It was afternoon when deputies from the sheriff’s and coroner’s offices arrived from Los Angeles, together with detectives from the district attorney’s office. Crumb’s body still lay where it had fallen, guarded by a constable from the village of Ganado. It was surrounded by members of his company, villagers, and near-by ranchers, for word of the murder had spread rapidly in the district in that seemingly mysterious way in which news travels in rural communities. Among the crowd was Slick Allen, who had returned to the valley after his release from the county jail.
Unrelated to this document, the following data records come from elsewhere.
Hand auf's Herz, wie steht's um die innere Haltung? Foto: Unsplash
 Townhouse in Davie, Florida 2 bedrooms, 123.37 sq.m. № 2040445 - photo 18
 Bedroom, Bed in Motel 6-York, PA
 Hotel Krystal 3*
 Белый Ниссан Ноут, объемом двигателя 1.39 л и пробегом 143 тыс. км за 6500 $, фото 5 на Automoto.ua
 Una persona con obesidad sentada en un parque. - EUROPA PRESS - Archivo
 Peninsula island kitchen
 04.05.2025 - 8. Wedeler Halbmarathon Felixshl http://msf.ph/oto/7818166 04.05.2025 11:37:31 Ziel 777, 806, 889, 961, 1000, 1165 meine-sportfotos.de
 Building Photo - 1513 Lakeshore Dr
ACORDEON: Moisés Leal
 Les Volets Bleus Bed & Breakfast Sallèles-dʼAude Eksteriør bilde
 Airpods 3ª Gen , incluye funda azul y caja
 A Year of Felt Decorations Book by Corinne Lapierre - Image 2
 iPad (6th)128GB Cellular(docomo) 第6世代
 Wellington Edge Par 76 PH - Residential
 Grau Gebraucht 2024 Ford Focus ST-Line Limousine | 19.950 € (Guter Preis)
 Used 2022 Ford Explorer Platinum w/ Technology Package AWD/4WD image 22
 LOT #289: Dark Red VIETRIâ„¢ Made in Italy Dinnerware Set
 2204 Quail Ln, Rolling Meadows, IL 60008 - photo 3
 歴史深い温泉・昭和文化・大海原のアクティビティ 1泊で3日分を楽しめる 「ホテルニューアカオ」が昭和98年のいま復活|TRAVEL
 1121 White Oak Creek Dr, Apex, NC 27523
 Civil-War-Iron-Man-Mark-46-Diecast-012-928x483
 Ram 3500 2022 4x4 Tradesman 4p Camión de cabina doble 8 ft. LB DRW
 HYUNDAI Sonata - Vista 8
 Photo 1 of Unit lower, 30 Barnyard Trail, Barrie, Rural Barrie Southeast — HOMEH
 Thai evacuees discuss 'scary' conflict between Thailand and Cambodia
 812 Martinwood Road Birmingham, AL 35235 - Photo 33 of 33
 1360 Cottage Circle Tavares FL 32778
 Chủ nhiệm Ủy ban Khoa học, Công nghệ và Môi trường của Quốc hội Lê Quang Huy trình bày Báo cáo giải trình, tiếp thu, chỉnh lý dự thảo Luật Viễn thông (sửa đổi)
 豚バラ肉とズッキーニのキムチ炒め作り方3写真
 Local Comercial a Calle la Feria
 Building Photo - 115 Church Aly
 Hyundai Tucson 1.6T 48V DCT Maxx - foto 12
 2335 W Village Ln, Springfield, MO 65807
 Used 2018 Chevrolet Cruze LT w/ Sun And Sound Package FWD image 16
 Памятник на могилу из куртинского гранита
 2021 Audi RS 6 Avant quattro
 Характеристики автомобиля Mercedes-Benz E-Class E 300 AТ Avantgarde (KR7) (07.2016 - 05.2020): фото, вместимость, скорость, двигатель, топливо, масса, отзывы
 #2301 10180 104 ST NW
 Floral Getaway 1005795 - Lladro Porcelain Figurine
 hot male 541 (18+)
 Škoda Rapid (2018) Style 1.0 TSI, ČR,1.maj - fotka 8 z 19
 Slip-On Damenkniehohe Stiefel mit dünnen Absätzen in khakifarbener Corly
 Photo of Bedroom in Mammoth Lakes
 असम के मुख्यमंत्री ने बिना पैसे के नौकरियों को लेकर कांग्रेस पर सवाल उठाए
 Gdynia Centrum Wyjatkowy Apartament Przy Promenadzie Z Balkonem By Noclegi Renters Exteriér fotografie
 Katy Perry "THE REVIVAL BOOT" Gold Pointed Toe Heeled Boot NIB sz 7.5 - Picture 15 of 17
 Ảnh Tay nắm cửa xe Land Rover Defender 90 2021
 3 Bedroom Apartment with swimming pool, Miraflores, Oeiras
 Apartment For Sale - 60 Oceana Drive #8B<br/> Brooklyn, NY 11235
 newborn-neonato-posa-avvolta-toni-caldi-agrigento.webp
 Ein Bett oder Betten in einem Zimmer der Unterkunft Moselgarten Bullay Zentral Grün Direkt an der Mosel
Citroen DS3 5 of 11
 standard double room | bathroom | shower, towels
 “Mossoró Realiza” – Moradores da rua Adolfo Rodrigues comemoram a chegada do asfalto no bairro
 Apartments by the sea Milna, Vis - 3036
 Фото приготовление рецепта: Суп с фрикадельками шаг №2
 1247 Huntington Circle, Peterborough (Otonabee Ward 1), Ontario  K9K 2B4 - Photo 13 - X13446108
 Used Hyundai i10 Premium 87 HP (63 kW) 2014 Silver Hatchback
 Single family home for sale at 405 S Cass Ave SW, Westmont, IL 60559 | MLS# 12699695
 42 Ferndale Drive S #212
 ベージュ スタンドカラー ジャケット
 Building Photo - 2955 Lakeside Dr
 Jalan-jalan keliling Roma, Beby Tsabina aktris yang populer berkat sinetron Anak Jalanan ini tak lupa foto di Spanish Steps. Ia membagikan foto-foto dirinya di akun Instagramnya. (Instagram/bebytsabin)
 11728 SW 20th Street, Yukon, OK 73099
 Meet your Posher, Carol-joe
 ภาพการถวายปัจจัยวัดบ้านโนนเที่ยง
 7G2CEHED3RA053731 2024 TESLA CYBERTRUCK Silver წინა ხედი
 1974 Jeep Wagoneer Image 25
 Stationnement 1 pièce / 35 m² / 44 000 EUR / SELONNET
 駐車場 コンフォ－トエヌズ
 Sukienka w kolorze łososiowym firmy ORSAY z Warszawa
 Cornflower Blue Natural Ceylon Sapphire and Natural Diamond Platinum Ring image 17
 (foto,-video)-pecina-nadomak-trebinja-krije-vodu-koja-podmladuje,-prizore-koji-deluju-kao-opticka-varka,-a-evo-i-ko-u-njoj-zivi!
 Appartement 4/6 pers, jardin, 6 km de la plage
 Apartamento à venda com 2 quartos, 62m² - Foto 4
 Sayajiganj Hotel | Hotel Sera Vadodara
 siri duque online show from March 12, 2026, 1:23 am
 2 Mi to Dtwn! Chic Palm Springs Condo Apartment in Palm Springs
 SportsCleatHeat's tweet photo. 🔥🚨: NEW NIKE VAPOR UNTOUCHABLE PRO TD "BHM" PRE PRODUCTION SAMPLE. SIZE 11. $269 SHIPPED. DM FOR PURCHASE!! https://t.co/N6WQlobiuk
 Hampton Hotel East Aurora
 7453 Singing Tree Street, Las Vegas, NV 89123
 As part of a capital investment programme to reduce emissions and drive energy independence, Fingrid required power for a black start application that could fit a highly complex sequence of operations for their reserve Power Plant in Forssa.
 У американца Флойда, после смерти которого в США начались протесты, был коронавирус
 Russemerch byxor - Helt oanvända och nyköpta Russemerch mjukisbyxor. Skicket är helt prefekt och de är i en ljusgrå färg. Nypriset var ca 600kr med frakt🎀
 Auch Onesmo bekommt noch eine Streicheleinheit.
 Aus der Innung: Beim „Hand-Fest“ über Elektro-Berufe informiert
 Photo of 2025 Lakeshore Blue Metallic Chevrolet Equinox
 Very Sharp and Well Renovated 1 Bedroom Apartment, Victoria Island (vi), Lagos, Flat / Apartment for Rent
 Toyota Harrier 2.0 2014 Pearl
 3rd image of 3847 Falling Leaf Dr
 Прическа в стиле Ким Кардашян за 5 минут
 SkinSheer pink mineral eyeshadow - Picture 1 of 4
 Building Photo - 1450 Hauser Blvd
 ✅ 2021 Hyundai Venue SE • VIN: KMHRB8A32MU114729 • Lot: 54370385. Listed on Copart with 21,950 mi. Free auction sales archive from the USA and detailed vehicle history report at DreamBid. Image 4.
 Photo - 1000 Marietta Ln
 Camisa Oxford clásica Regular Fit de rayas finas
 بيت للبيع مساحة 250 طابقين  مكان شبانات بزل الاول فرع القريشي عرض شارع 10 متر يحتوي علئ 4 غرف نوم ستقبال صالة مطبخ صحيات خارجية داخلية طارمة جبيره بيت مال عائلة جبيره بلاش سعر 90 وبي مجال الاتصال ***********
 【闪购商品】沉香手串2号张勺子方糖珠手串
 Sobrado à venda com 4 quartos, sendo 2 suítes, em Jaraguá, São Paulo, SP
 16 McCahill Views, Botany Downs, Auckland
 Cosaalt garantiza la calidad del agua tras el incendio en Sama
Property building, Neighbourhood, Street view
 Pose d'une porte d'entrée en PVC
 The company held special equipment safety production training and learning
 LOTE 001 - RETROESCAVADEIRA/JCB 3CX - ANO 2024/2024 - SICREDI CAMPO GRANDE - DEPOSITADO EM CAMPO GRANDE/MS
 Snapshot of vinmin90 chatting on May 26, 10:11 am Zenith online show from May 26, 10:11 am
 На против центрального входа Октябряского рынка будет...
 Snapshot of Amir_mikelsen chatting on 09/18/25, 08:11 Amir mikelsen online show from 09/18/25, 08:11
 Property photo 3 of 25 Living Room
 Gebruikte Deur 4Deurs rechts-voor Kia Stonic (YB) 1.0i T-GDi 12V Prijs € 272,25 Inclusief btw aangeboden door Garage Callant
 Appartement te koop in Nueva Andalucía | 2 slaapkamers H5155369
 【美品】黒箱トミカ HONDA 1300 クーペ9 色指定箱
A partially successful effort had been made to keep the crowd from trampling the ground in the immediate vicinity of the body, but beyond a limited area whatever possible clews the murderer might have left in the shape of footprints had been entirely obliterated long before the officers arrived from Los Angeles.

When the body was finally lifted from its resting place, and placed in the ambulance that had been brought from Los Angeles, one of the detectives picked up a horseshoe that had lain underneath the body. From its appearance it was evident that it had been upon a horse’s hoof very recently, and had been torn off by force.

As the detective examined the shoe, several of the crowd pressed forward to look at it. Among them was Allen.

“That’s off of young Pennington’s horse,” he said.

“How do you know that?” inquired the detective.

“I used to work for them—took care of their saddle horses. This young Pennington’s horse forges. They had to shoe him special, to keep him from pulling the off fore shoe. I could tell one of his shoes in a million. If they haven’t walked all over his tracks, I can tell whether that horse had been up here or not.”

He stooped and examined the ground close to where the body had lain.

“There!” he said, pointing. “There’s an imprint of one of his hind feet. See how the toe of that shoe is squared off? That was made by the Apache, all right!”

The detective was interested. He studied the hoofprint carefully, and searched for others, but this was the only one he could find.